The records sit below. Return every line in them that holds the word "Monaco".

**Excerpts from a dataset:**

..........

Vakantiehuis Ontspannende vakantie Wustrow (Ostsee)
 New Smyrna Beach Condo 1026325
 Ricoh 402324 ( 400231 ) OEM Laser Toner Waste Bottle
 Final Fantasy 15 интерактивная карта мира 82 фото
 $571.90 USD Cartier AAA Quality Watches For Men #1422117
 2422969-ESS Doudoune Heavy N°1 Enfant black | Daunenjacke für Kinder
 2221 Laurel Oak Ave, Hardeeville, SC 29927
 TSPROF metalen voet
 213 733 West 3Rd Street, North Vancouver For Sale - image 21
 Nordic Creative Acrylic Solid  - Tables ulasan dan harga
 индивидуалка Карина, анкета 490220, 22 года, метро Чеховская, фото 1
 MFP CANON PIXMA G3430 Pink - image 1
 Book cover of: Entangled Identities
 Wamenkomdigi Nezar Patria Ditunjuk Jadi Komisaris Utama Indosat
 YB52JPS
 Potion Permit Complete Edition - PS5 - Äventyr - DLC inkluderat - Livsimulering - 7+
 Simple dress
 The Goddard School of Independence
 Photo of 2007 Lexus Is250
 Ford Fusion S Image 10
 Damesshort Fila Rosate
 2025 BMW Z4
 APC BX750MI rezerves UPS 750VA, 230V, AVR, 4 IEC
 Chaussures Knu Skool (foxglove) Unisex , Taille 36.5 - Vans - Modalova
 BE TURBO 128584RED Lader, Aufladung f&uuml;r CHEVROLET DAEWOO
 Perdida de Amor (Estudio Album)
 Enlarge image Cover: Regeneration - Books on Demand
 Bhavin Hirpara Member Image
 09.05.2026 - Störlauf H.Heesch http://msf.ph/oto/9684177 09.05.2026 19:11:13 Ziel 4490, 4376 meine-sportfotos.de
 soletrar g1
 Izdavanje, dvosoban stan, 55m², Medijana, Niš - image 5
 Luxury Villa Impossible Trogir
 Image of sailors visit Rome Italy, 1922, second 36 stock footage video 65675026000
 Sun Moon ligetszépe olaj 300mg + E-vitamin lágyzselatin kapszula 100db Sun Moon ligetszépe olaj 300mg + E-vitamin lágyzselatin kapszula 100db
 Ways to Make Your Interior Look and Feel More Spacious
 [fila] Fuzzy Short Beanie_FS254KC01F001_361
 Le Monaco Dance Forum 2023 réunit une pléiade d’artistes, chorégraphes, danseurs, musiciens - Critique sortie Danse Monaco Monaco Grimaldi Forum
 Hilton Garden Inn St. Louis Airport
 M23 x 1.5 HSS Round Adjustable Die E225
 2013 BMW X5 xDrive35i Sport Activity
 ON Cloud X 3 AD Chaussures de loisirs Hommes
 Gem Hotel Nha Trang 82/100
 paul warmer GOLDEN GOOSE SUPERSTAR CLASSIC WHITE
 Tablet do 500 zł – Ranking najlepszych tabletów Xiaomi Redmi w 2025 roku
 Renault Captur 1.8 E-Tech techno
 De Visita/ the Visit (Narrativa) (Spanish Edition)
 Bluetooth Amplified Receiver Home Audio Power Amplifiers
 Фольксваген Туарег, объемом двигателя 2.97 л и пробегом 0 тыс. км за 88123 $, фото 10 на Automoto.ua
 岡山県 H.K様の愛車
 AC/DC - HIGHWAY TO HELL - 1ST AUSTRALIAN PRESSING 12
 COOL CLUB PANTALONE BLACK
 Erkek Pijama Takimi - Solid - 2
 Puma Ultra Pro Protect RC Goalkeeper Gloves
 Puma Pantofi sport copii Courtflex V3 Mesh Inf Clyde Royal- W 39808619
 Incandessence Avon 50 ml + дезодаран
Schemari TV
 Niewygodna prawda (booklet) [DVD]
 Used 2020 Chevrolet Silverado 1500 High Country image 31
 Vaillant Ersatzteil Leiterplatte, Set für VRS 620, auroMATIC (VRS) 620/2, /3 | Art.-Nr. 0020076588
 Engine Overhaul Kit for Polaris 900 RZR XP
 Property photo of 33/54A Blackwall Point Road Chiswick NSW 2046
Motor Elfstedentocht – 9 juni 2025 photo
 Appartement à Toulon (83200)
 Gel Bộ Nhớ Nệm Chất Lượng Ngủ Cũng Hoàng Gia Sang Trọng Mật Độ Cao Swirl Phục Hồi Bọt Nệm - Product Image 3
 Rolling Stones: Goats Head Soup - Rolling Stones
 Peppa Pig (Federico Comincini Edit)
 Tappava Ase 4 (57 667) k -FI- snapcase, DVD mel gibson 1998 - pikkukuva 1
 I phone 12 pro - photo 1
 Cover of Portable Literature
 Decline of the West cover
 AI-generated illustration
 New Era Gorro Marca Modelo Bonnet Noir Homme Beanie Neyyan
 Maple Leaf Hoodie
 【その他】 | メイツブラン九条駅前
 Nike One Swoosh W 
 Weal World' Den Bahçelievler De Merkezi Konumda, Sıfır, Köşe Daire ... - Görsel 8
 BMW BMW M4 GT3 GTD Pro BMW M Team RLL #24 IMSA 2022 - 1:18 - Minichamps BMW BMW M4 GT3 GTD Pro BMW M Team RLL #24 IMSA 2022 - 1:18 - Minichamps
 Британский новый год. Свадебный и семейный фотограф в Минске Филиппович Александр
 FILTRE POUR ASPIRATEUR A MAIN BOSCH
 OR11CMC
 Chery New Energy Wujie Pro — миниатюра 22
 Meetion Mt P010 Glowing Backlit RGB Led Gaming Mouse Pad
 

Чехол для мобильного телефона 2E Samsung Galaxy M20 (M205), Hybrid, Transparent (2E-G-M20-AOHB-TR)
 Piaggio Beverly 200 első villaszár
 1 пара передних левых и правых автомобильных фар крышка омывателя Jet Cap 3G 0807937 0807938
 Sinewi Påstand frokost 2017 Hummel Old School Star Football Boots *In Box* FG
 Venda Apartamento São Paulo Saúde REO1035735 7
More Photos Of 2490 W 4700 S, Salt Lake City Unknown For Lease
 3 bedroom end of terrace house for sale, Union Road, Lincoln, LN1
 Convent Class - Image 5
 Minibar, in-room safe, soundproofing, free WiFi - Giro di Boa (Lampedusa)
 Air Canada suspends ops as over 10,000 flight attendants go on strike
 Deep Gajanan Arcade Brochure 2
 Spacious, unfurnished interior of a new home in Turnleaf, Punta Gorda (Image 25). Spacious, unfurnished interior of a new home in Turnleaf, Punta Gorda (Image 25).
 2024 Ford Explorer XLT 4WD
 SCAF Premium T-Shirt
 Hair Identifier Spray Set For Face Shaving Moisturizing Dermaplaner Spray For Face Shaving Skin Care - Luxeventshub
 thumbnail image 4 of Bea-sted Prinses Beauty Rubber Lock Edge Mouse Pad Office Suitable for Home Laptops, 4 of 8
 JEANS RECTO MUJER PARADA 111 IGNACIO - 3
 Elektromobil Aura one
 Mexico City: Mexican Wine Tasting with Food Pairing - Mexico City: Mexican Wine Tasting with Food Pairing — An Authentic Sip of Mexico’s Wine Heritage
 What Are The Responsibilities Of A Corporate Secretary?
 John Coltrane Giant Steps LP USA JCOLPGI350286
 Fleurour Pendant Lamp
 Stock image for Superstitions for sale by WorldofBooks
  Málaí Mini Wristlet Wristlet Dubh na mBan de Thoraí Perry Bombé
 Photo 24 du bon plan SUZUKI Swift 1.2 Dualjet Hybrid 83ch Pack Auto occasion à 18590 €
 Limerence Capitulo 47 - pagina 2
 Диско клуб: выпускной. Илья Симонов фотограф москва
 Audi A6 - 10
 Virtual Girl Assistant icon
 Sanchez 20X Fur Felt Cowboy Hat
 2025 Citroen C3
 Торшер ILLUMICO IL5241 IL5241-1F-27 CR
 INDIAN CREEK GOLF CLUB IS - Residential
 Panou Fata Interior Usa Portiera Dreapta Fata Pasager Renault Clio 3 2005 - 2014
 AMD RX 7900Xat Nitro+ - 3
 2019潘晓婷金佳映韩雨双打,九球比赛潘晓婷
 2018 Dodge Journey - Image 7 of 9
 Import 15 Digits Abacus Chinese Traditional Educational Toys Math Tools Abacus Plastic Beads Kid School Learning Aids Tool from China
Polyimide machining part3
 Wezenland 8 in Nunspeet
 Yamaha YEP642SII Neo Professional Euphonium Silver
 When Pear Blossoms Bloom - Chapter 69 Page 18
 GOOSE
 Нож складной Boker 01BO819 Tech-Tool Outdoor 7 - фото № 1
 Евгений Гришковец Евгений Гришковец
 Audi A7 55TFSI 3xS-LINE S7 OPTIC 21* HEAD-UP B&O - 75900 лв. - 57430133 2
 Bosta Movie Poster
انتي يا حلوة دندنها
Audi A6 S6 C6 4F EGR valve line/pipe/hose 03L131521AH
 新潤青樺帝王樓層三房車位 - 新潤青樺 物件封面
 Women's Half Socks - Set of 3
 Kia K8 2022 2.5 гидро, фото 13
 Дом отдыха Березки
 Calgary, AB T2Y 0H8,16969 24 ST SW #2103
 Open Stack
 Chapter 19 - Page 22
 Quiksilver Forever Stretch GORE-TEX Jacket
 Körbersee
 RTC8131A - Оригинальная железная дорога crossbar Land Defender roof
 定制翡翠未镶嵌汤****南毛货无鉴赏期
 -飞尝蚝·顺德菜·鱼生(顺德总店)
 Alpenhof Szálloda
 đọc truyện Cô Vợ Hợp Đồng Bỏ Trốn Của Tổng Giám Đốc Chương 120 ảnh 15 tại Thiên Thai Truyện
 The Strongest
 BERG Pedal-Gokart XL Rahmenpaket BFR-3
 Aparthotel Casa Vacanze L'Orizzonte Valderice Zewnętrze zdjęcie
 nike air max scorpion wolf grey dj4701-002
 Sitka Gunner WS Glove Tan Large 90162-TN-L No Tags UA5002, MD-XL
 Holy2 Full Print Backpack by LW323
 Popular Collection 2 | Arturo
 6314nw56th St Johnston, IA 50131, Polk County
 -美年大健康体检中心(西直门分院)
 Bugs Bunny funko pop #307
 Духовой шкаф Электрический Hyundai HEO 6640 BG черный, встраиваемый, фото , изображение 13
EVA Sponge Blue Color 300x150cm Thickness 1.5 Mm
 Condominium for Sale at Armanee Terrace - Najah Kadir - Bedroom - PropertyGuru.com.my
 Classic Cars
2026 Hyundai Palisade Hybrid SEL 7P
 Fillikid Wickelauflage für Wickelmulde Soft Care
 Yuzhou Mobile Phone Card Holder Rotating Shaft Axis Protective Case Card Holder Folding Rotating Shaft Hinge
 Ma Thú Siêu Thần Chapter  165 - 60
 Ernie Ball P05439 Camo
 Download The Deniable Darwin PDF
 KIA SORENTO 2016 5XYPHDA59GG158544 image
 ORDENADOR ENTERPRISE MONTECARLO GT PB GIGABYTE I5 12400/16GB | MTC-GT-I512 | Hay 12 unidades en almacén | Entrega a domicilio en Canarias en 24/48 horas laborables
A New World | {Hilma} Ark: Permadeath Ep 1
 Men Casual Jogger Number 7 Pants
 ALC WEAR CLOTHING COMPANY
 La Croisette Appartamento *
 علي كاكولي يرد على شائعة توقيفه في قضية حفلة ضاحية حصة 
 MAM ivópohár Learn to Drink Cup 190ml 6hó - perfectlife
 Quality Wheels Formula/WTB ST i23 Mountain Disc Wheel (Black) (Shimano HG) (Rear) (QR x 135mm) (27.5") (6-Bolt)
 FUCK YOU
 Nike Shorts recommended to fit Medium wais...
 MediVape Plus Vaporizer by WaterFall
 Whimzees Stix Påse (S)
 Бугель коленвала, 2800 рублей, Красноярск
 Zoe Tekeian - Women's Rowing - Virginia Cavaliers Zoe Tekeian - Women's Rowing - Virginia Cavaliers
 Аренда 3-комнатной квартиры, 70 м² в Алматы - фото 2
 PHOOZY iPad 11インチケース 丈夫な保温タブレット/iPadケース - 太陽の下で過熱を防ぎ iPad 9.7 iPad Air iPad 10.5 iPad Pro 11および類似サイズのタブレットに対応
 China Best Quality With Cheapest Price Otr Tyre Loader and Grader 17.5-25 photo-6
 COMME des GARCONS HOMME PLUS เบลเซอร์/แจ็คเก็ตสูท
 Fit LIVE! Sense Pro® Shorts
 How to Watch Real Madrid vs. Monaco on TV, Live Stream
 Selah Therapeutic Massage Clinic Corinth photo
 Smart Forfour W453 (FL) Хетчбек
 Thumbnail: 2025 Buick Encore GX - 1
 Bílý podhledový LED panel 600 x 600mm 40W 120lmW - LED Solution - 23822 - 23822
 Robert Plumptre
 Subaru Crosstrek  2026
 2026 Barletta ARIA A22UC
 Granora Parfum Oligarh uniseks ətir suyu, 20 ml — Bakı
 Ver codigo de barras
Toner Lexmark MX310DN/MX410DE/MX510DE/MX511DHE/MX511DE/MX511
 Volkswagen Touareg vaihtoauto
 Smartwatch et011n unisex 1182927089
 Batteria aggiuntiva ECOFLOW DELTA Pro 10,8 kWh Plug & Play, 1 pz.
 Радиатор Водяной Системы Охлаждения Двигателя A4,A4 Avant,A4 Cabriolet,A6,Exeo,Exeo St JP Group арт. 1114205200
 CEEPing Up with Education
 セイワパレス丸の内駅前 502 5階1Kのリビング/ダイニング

..........

**Exercise response:**
 Le Monaco Dance Forum 2023 réunit une pléiade d’artistes, chorégraphes, danseurs, musiciens - Critique sortie Danse Monaco Monaco Grimaldi Forum
 How to Watch Real Madrid vs. Monaco on TV, Live Stream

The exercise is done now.